Romans 7: A New Heart of Flesh

 



Heart Change is the Difference 

Romans teaches us how to connect the former rules based society with one of grace. Paul’s goal is to get Jews to think differently about covenant, sin and redemption. Gentiles, who never had the law, are now included in God’s plan for humanity. The biggest change from old covenant to new is the heart change that comes with an acceptance of Christ as the fulfillment of that law.

I’ve focused on chapter 7 here

Sin and Law

There are two dynamics at work in the human condition, sin and the law. The law came through Moses and provided us with a knowledge of sin. Another way to say this is that the “do’s” and “don’ts” of the law give sin a name. Names are official. They provide legality. But with the name comes a legal understanding that by breaking the law, we subject ourselves to the punishment of it. It’s a difficult standard, next to impossible. The effect of such a rigorous standard is to create a desire for evil in our flesh that builds on itself.

We know we shouldn’t lust or hate or cheat, the law forbids it after all. Our flesh pushes us towards desire. This is a constant war in the soul.

There was no way to have a heart change on the law. We always struggled to do the Godly thing because Christ had not defeated the power it held in us. The best way to understand this is to watch how a toddler responds when you take away the thing they most want. I had friends over a few weeks ago and gave one of their kids a bag of gummies. I meant for her to have the whole bag but her dad had other plans. He gave her a handful and put the bag on my refrigerator. She wasn’t satisfied with just a handful and began searching for a stool to stand on. She would not be deterred.  

A strong “No” from her parent kept her from climbing for the gummies. But she clearly didn’t want to. Nothing but the harsh, nearly impossible law, kept her from doing the thing she really wanted to do. Her heart hadn’t changed toward the candy. At no point did she say to herself “A whole bag really is too much. I’ll probably get sick anyway”. There is only an awareness of punishment through an authority figure. When we’re kids, it’s all we have.

But before Christ we were like children in our flesh. The law only gave us a framework, a detailed one at that, for right living. It didn’t give us a heart to do the moral things of God. Paul doesn’t get into grace in this chapter but he is setting the stage for it. Grace is the difference. It changes our hearts to now seek to do good things. Sin was dead after Christ’s death and resurrection, providing us with a way to God not previously available.
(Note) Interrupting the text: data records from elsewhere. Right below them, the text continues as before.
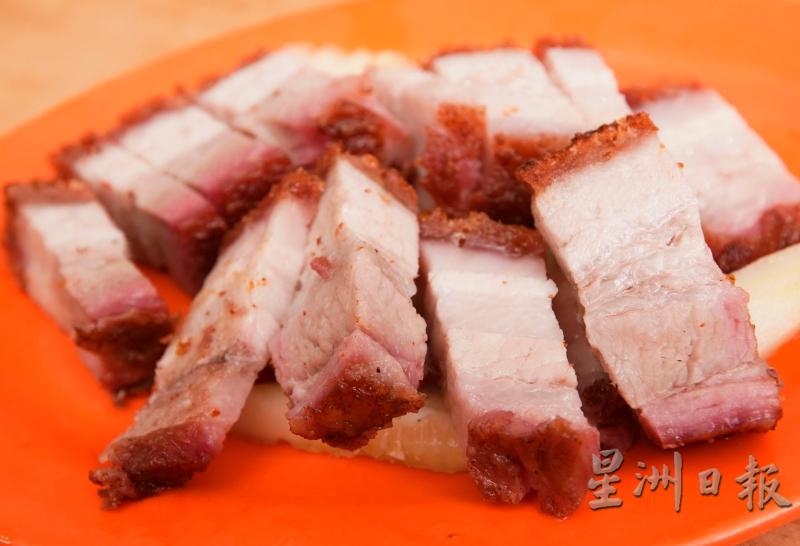 炭烧烧肉做法，火喉要拿捏得恰到好处，才能让人尝到皮脆肉香的可口烧肉。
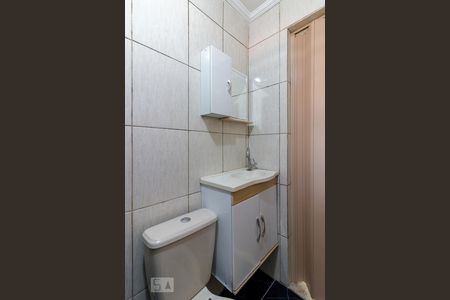 Banheiro de casa para alugar com 1 quarto, 40m² em Jardim Silvia, Guarulhos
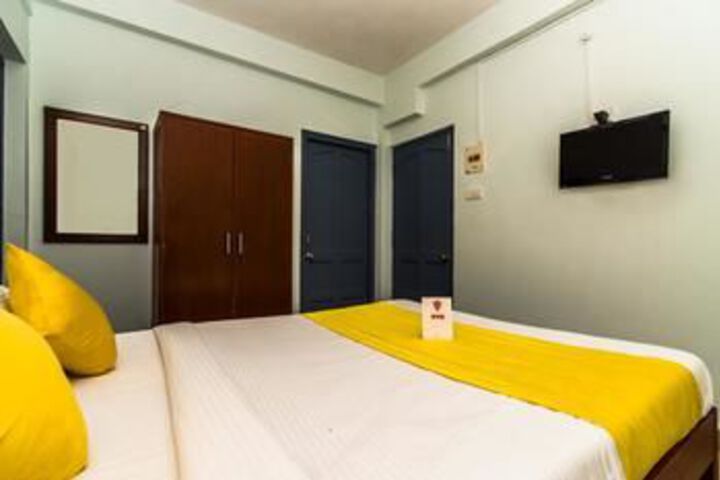 Room 11 of 18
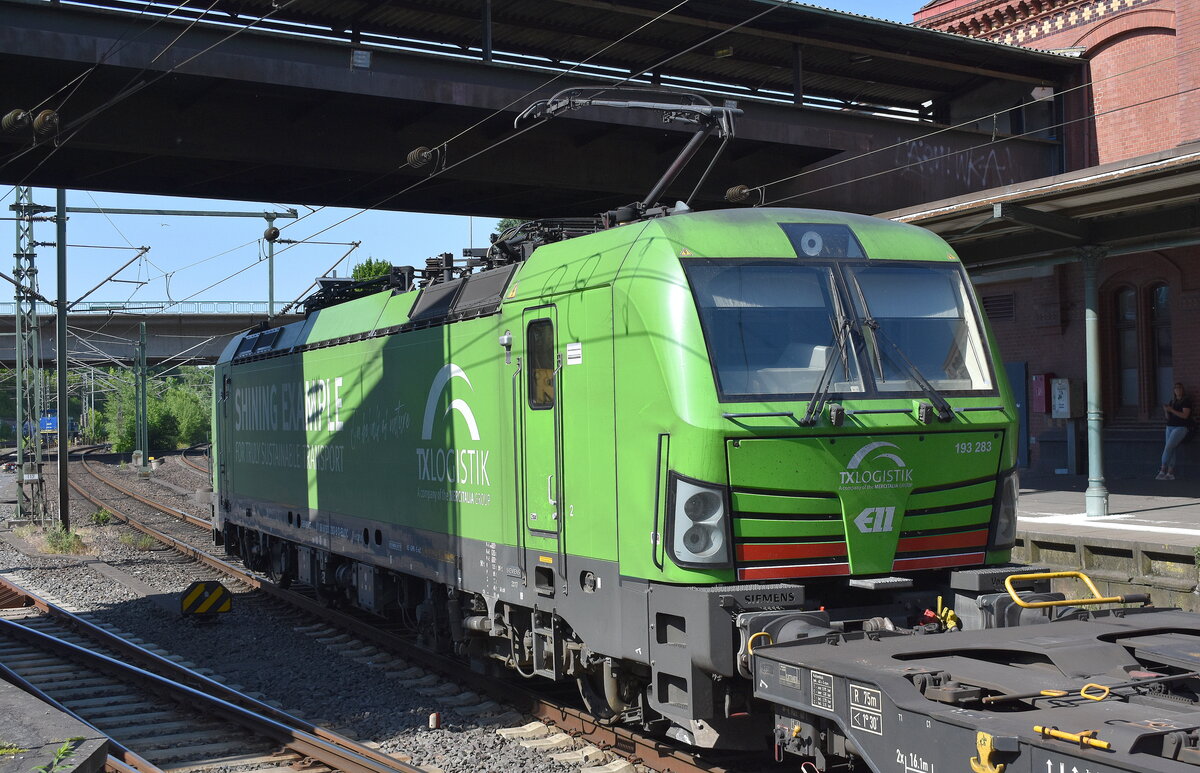 TX Logistik AG, Troisdorf [D] mit der ELL Vectron  193 283  [NVR-Nummer: 91 80 6193 283-9 D-ELOC] und einem KLV-Zug am 13.06.23 Durchfahrt Bahnhof Hamburg-Harburg.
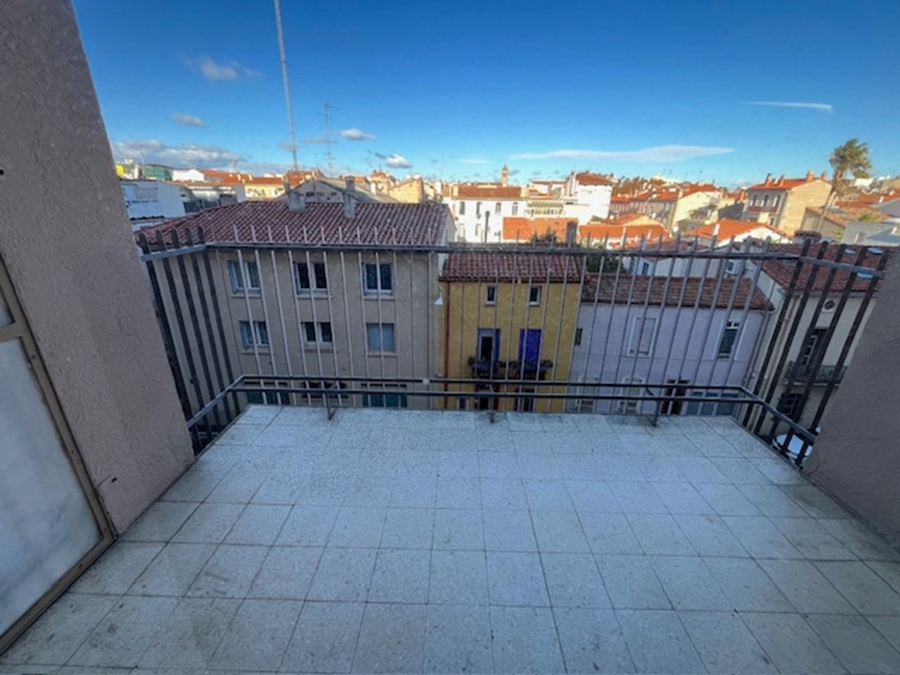PERPIGNAN Magnifique appartement T3 de 74 m² avec terrasse et vue incroyable sur les Quais de Genève 9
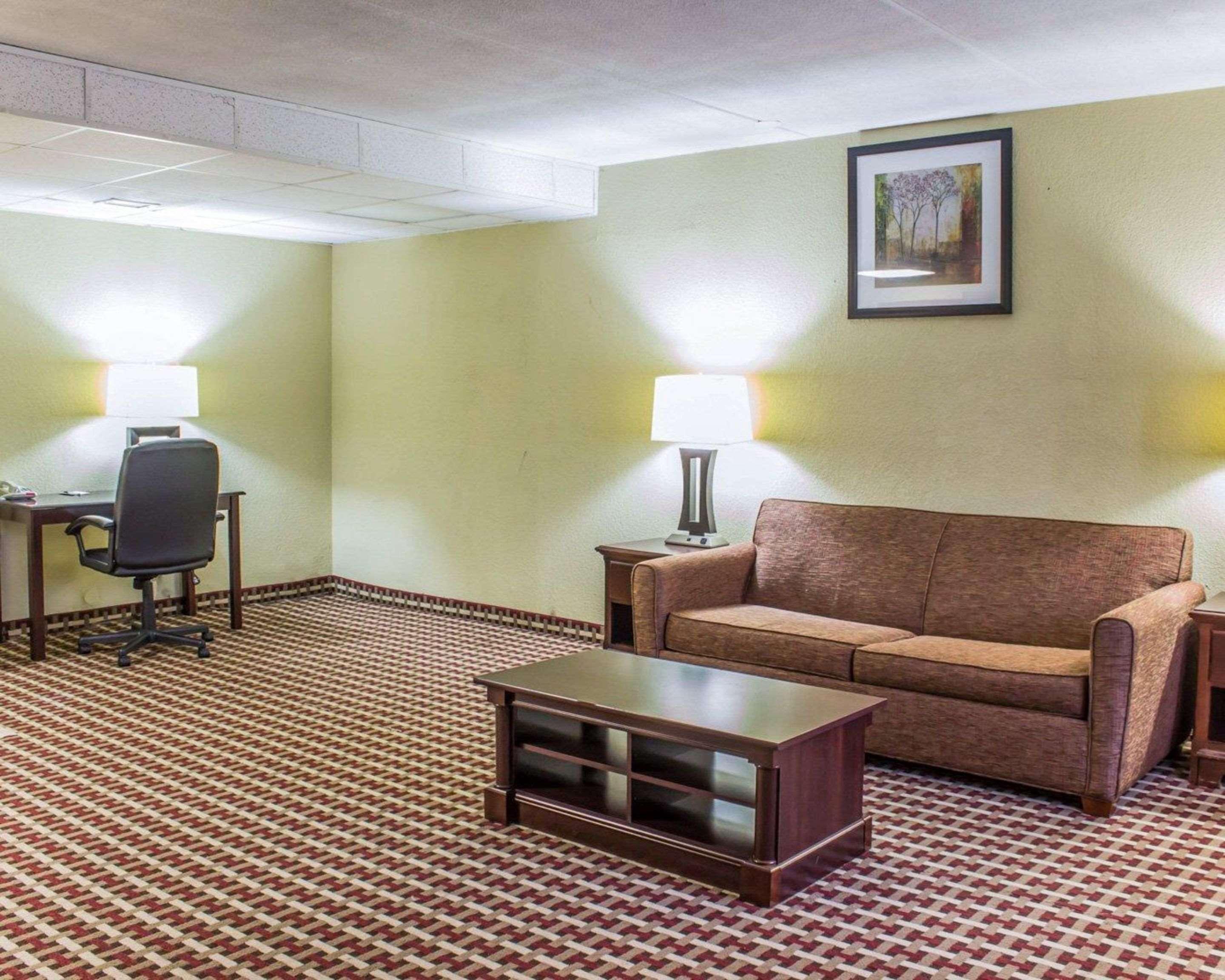 Quality Inn & Suites เฟย์เอตต์วิลล์ ภายนอก รูปภาพ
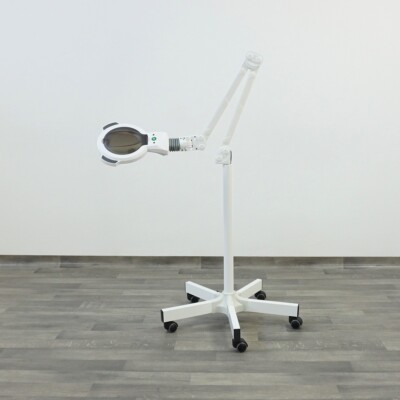LAMPADA LED ESTETICA INGRANDIMENTO DIOTTRIE CON STATIVO PER ESTETISTA  STUDIO M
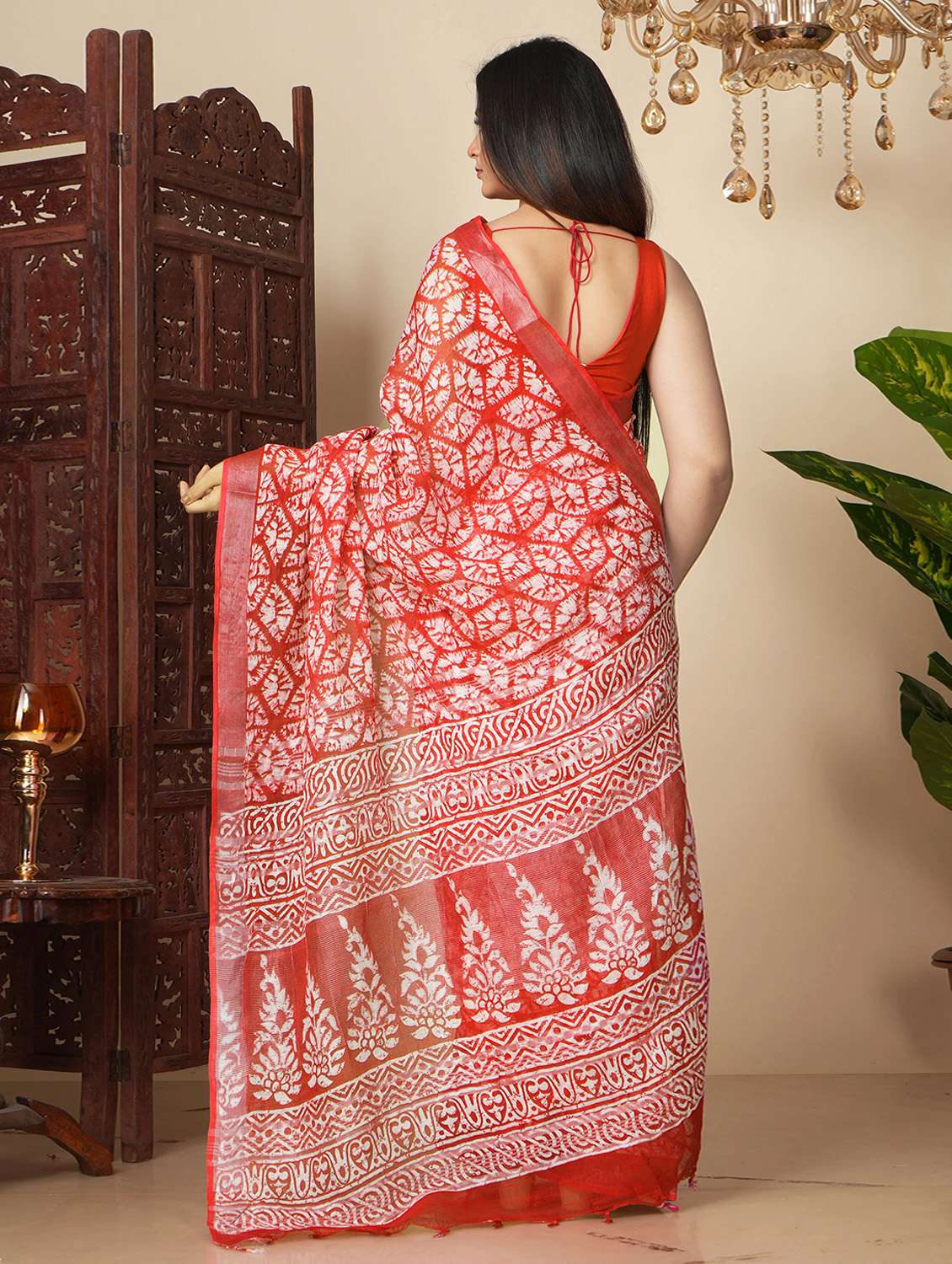 women printed casual wear saree with blouse - 22058769 - Standard Image - 3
Resurrection and Redemption

Sin’s power is no longer the biggest challenge to living a moral life. It’s such a radical shift in thinking that it needs to be considered again and again. How much more for those like Paul and the early church, disseminating the scriptures for a new age? Even now I think we struggle to grasp how big and how revolutionary the idea that we can want to do the right and good thing. Sin’s power is dead. We’re are still toddlers in a lot of ways. We don’t always understand the things of the Spirit and we seldom know the reasons.

But we have a new heart, one that listens and obeys the voice of Father because we want to. Our flesh will always want the gummies on the refrigerator, but our hearts are tuned to the Father’s voice. We can overcome the flesh now by subjecting our desires to His will.  

Paul describes the conflict like this

“I find then a law, that evil is present with me, the one who will to do good. For I delight in the law of God according to the inward man. But I see another law in my members, warring against the law of my mind, and bringing me into captivity to the law of sin which is in my members. O wretched man that I am! Who will deliver me from this body of death? I thank God—through Jesus Christ our Lord!” (verses 21-24)

The Christian is truly a new creature in Christ. Romans helps us understand how.